Con tre regate veloci in quasi tutte le classi olimpiche, la "Welcome Race" e la middle distance "Kiel-Eckernförde", la più grande regata velica del mondo si è aperta sabato in condizioni di vento inizialmente buone, ma in seguito un po' più calme. Solo un acquazzone nel tardo pomeriggio ha rovinato per poco tempo il divertimento degli appassionati.
Tra i partenti tedeschi di spicco nei campi delle discipline olimpiche, che come spesso accade negli anni olimpici sono stati decisamente deboli con un totale di sole 300 barche iscritte, si sono distinti ancora una volta i velisti laser Philipp Buhl di Sonthofen e la speranza olimpica Simon Grotelüschen di Lubecca. Le due stelle tedesche della parte olimpica della Settimana di Kiel hanno aperto l'ultima finale di Coppa del Mondo nelle acque di casa con un primo e un quinto posto.
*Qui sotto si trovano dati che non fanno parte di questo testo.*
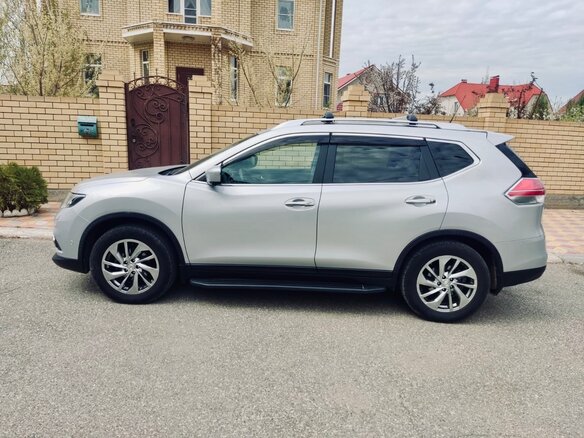 2015 Nissan X-Trail III, серебристый, 2200000 рублей - вид 3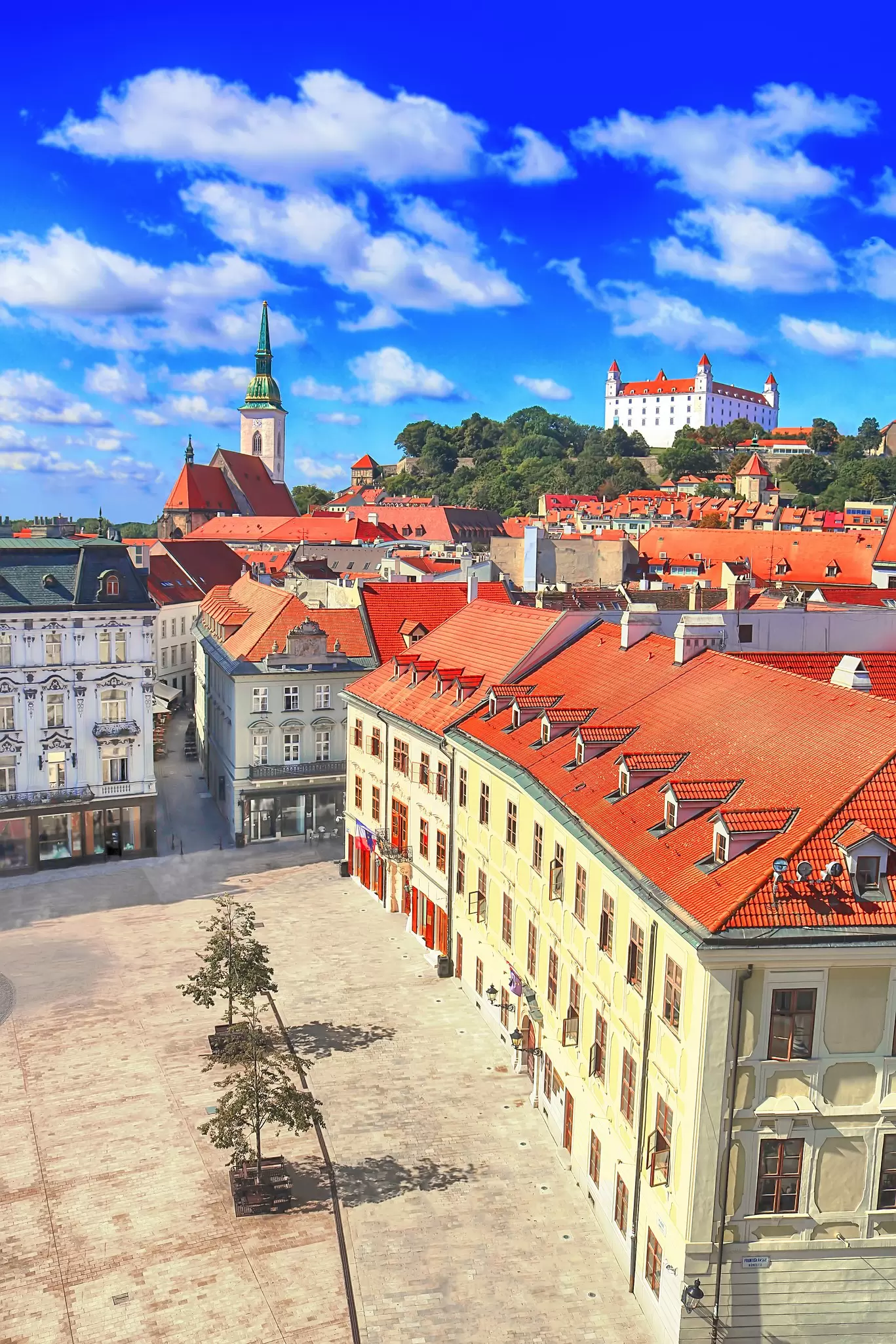 St. Martin's Cathedral, Bratislava castle (from left to right) and  main square of Bratislava city, Slovakia, License Type: media, Download Time: 2025-12-02T08:40:18.000Z, User: oneseven7891, Editorial: false, purchase_order: 56530 - Guidebooks, job: Global Publishing WIP, client: Eastern Europe 17, other: Dominic Allen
"Mi aspettavo questa prestazione anche da me stesso", ha detto Philipp Buhl con una strizzatina d'occhio in serata. Il soldato sportivo si è ovviamente ripreso alla grande dalla sconfitta con Grotelüschen nelle qualificazioni olimpiche nazionali ed era in vena di vittorie fin dall'inizio della serie di cinque giorni. Oltre all'impiego come sparring partner di Grotelüschen, "da cui entrambi traiamo enormi benefici", Buhl si è posto da tempo un nuovo ambizioso obiettivo: "Voglio fare quello che l'australiano Ton Slingsby fa da anni e dominare il campo del Laser". A Kiel, ha raggiunto questo obiettivo in maniera quasi impeccabile all'inizio, terminando 1-2-1.
In assenza della maggior parte dei noti team olimpici internazionali in quasi tutte le discipline olimpiche, i velisti del 49er di Kiel Tobias Schadewaldt e Hannes Baumann hanno fatto una falsa partenza. La squadra olimpica si è piazzata solo al 21° posto su 34 partenti nella prima serata. I velisti junior di Kiel, Justus Schmidt e Max Boehme, hanno fatto meglio. Come miglior squadra tedesca, il giovane equipaggio del KYC si è piazzato al secondo posto dopo tre regate, terminando con un punteggio di 2-5-5.
Nel minuscolo campo di gara di soli dodici 470 femminili, Tina Lutz e Susann Beucke sono in testa dopo tre prove. Le olimpioniche Kathrin Kadelbach/Friederike Belcher di Berlino e Amburgo non sono al via. Nel 470 maschile, i fratelli Julian e Philipp Authrieth della Baviera sono al secondo posto, appena davanti agli olimpionici Ferdinand Gerz e Patrick Follmann del Touring Yacht Club tedesco (3°).
Il segnale di partenza della "Welcome Race" delle imbarcazioni da mare è stato lanciato sabato mattina dall'allenatore della Bundesliga Mirko Slomka, che in precedenza aveva navigato per la prima volta a bordo di "Tutima" su un grande yacht da regata con un equipaggio di 15 donne al comando di Kirsten Harmstorf di Amburgo.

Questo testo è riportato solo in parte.